# [B]A bloodline Question[/B]



## tonios (Jul 24, 2009)

I am still new to APBT even when I own one in the past. My question my be silly a one, but because its been awhile I REALLY don't know this...are there still any pure bloodline around? example an all Colby dog or eli??? Please go easy on this beginner. Thanks


----------



## Sadie's Dad (Jul 9, 2009)

tonios said:


> I am still new to APBT even when I own one in the past. My question my be silly a one, but because its been awhile I REALLY don't know this...are there still any pure bloodline around? example an all Colby dog or eli??? Please go easy on this beginner.

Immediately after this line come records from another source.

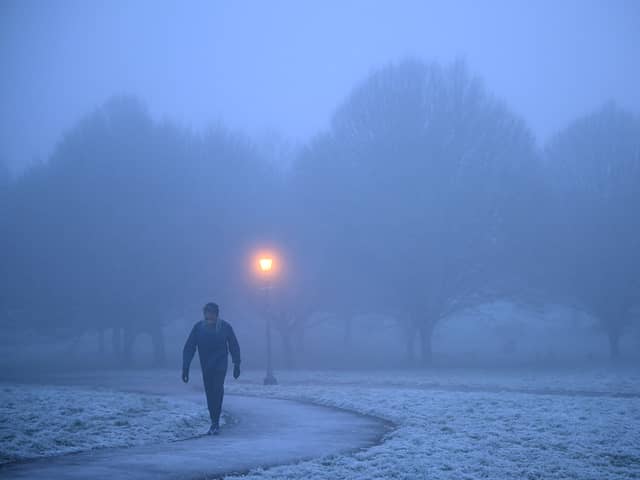A walker makes their way through fog on a frosty morning at Primrose Hill in north London. (Photo by Justin TALLIS / AFP) (Photo by JUSTIN TALLIS/AFP via Getty Images)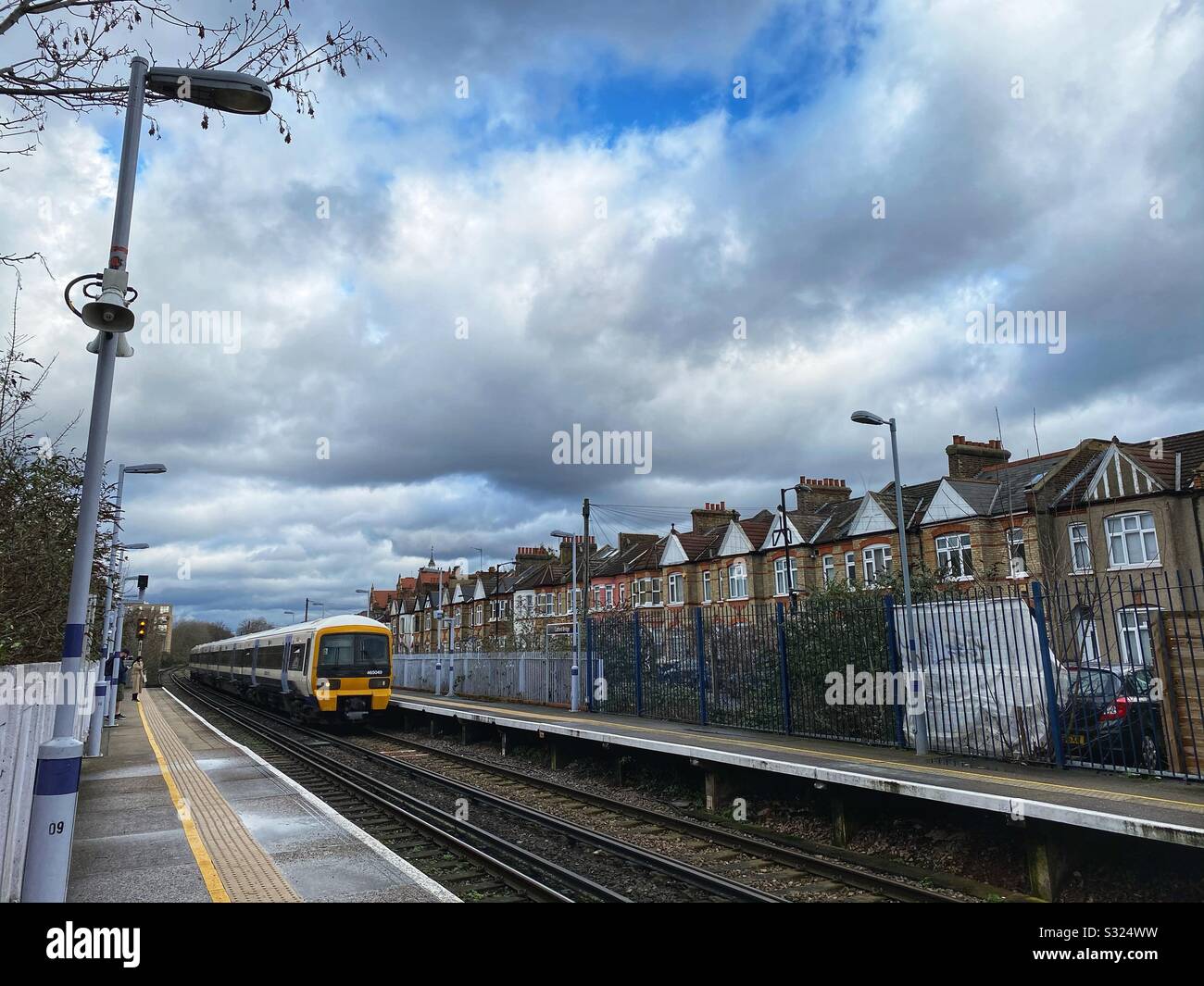 A South Eastern train approaches the platform at Catford Bridge station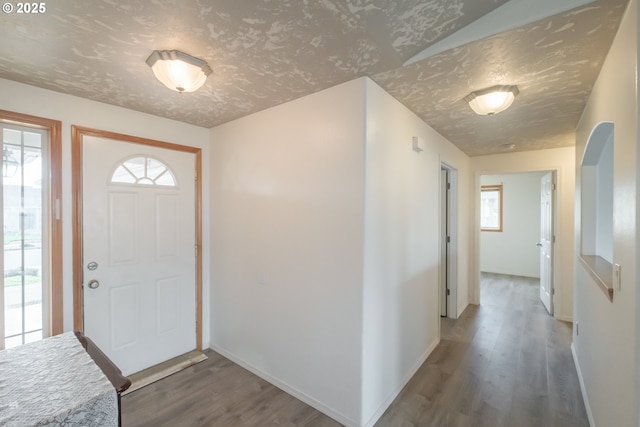 foyer with a textured ceiling, wood finished floors, and baseboards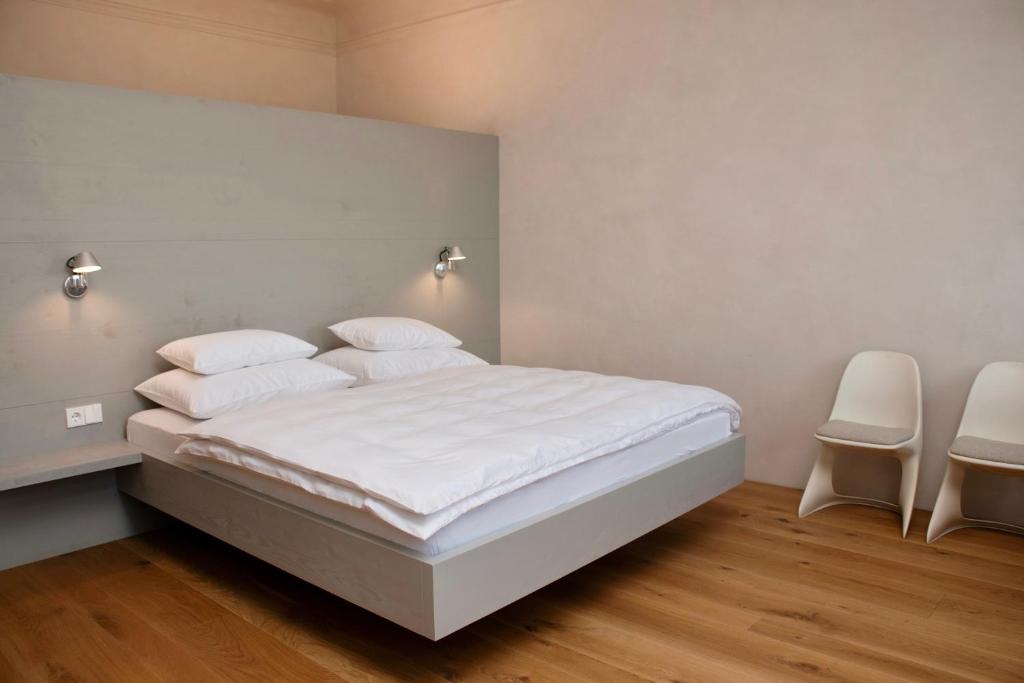 una camera da letto con un letto con lenzuola bianche e due sedie di Der Pfarrhof a Hartberg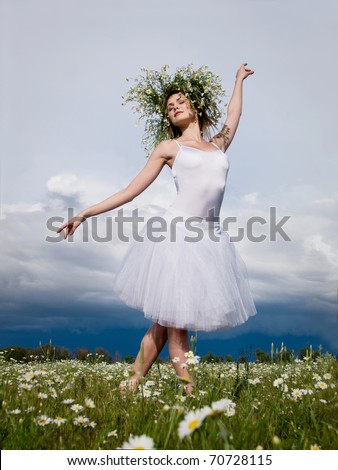young beautiful ballet dancer against cloudy sky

Thanks


I don't know I am new to APBTs as well good question.:goodpost::goodpost:


----------



## eliezer (Nov 13, 2008)

yes there is and expensive if you want really tight bred uncrossed dogs. good luck finding them cause the people that have them have closed yards.
now if you looking for a "new" bloodline that comes from a cross of an old one then yes there is plenty out there


----------



## tonios (Jul 24, 2009)

Thanks eliezer for your reply, I joined gopitbull.com a few days ago and I love the comments, info, Ideas and the thoughts people are sharing here.


----------



## Brandys_BabyJayda (May 27, 2009)

my female is colby and eli she was a good penny.


----------



## performanceknls (Apr 4, 2009)

Brandys_BabyJayda said:


> my female is colby and eli she was a good penny.


do you have a ped to post?


----------